Pour ceux qui ne seraient pas forcément attirés par le système « skill-based » du jeu, un mode facile, renommé Histoire, vous permettra d’alléger le tout pour proposer des timings de contre plus généreux et des dégâts ennemis réduits. Un mode difficile est aussi proposé pour les plus exigeants, et je n’ai pas manqué de le tester. Et en effet, l’expérience ne pardonne pas du tout. Les ennemis font très mal, les fenêtres d’actions sont millimétrées, et seuls les plus téméraires ressentiront le besoin d’aller vers ce mode, l’équilibrage du jeu me semblant pour l’instant très correct. Il nous est arrivé de croiser certains ennemis beaucoup plus difficiles que d’autres, mais il sera possible de voyager de zone en zone et de retourner en arrière librement, et donc faire les boss qu’on aurait laissé sur le chemin plus tard pour laisser à notre équipe le temps de monter.

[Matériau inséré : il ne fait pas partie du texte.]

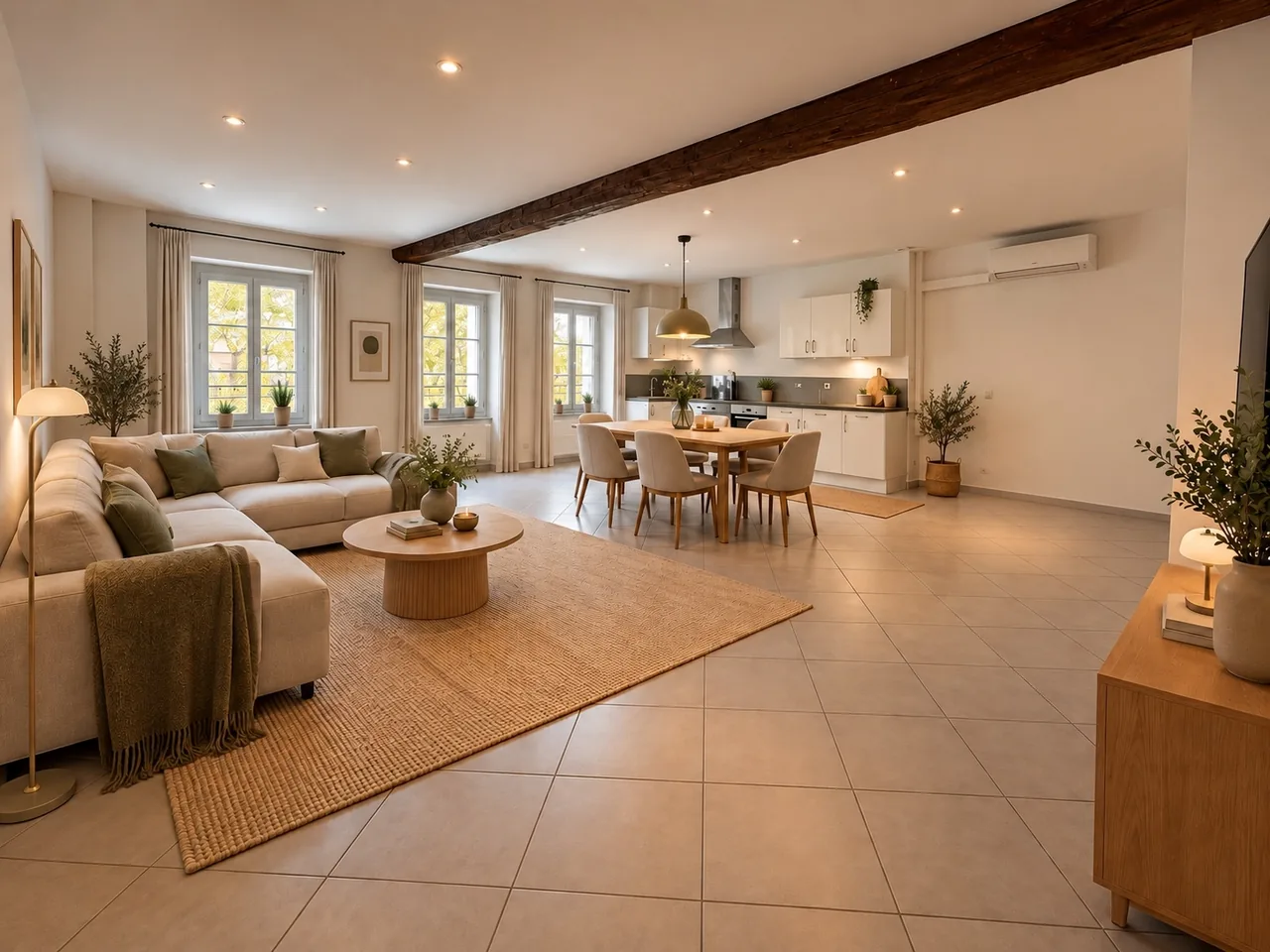 Appartement T3 de 80 m² au dernier étage, proche centre-ville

En somme, Clair Obscur : Expedition 33 semble pour l’instant tenir toutes ses promesses. L’expérience au cours de cette preview fut particulièrement plaisante, que ce soit visuellement, narrativement ou manette en main. Et si elle réussit à se renouveler au cours des 30h nécessaires pour atteindre la fin du jeu, on sera possiblement en face d’un des meilleurs titre de cette année, et d’une des meilleures expériences de RPG au tour par tour disponibles actuellement.